Given data Block Start

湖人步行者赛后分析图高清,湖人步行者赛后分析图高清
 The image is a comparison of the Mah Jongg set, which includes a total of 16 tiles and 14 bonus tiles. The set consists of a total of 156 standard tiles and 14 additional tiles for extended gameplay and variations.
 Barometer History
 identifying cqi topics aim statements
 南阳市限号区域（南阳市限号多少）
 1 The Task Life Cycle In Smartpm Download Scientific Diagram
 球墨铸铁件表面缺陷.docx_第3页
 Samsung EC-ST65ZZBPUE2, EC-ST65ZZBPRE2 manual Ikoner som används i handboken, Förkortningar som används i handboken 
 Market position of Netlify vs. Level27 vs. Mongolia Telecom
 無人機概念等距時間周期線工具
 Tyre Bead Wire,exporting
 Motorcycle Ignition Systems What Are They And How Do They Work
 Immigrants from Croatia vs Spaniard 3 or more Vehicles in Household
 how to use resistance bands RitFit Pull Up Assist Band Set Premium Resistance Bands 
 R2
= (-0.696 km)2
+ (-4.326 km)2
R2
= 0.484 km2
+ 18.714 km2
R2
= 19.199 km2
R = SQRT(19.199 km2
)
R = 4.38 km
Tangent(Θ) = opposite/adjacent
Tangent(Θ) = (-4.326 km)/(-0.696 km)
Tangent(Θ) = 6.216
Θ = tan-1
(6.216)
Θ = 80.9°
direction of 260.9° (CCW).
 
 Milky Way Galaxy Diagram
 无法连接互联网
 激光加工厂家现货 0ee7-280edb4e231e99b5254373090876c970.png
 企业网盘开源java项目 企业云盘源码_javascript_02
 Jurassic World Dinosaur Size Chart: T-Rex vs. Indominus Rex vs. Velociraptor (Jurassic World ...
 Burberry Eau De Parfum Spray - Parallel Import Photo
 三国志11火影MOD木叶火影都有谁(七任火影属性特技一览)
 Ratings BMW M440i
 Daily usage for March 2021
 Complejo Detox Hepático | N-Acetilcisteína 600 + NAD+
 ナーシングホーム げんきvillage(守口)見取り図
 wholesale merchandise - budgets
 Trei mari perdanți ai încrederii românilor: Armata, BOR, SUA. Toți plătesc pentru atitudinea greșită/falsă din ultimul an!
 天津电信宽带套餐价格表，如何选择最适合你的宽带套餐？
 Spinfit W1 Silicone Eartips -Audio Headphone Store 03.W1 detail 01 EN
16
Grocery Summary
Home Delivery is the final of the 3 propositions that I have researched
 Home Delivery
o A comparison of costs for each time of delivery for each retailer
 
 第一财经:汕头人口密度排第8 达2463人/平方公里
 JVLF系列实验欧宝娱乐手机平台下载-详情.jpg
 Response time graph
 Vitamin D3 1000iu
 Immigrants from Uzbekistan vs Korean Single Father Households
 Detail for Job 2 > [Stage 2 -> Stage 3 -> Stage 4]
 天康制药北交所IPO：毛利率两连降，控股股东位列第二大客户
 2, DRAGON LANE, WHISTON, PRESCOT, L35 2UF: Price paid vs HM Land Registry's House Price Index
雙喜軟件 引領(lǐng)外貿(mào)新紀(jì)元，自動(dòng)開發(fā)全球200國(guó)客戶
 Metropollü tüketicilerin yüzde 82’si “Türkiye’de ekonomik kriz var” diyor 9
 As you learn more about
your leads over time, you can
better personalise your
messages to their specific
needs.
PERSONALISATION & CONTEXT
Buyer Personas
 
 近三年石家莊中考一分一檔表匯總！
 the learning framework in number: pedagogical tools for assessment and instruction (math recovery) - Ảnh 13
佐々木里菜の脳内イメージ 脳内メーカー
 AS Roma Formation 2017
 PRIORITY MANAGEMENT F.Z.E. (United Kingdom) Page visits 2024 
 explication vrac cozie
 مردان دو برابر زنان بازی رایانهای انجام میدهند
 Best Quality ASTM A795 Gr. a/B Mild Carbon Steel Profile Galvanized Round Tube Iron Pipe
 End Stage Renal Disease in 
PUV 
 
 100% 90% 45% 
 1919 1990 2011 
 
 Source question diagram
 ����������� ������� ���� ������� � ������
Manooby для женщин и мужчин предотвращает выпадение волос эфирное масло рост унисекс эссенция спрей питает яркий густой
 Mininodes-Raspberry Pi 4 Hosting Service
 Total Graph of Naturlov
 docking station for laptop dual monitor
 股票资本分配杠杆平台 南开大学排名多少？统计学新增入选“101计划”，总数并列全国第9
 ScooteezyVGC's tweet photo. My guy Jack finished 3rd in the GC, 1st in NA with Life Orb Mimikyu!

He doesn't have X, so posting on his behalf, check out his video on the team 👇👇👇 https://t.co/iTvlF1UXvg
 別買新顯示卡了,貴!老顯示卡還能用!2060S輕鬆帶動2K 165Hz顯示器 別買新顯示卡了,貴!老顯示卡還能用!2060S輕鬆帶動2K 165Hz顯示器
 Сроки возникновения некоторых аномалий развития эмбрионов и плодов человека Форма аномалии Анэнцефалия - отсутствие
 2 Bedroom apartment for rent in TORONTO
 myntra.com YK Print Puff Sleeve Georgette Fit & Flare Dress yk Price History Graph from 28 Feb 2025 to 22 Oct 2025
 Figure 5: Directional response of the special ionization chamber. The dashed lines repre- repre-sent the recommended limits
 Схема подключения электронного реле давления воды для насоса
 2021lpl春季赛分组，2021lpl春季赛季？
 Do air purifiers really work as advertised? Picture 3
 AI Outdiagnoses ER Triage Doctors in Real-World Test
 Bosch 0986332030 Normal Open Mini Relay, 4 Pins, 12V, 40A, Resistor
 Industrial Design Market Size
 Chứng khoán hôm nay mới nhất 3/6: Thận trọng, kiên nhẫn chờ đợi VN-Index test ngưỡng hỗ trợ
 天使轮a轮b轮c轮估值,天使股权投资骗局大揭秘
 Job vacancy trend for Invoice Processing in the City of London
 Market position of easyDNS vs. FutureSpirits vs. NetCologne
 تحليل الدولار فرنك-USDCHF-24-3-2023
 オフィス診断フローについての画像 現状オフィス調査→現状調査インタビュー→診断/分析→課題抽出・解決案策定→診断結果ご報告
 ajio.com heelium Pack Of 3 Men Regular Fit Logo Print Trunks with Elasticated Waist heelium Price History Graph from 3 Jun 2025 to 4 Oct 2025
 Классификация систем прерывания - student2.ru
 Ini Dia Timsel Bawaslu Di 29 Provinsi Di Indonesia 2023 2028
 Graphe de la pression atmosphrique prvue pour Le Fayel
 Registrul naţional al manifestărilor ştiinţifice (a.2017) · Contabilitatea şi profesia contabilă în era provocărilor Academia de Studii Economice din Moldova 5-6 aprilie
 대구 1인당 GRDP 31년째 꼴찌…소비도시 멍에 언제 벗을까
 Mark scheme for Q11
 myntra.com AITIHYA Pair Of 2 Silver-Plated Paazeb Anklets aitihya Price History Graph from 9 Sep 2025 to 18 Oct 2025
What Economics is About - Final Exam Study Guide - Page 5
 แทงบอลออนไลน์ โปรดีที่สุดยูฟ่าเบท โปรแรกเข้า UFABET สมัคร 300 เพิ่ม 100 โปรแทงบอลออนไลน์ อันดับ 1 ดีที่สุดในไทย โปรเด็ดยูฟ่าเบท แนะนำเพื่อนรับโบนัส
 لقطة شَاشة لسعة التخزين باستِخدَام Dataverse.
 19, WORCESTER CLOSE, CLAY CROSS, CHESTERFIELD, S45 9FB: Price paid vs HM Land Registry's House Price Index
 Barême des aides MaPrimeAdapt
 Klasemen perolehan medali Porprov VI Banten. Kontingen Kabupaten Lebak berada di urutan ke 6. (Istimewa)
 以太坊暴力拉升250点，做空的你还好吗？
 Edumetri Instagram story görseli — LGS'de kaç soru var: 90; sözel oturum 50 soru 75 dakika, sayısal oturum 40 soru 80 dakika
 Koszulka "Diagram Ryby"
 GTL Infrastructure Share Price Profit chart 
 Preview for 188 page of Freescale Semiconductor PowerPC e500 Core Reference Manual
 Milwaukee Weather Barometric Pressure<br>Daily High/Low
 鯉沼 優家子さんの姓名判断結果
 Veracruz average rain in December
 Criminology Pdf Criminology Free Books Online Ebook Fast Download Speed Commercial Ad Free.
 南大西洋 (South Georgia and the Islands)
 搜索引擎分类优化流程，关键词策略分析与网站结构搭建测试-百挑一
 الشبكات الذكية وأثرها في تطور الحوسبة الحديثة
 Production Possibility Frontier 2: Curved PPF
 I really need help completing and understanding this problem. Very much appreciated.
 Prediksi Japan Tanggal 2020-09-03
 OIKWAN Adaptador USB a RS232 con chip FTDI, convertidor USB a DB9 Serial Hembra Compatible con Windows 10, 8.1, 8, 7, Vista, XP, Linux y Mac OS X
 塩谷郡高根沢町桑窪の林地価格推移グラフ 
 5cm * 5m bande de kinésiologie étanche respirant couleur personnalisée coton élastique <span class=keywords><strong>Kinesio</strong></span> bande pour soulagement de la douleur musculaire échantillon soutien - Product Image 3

Given data Block End

### Exercise description
Where the string "Home" occurs in the data, return the whole line.

### Task result
Home Delivery is the final of the 3 propositions that I have researched
 Home Delivery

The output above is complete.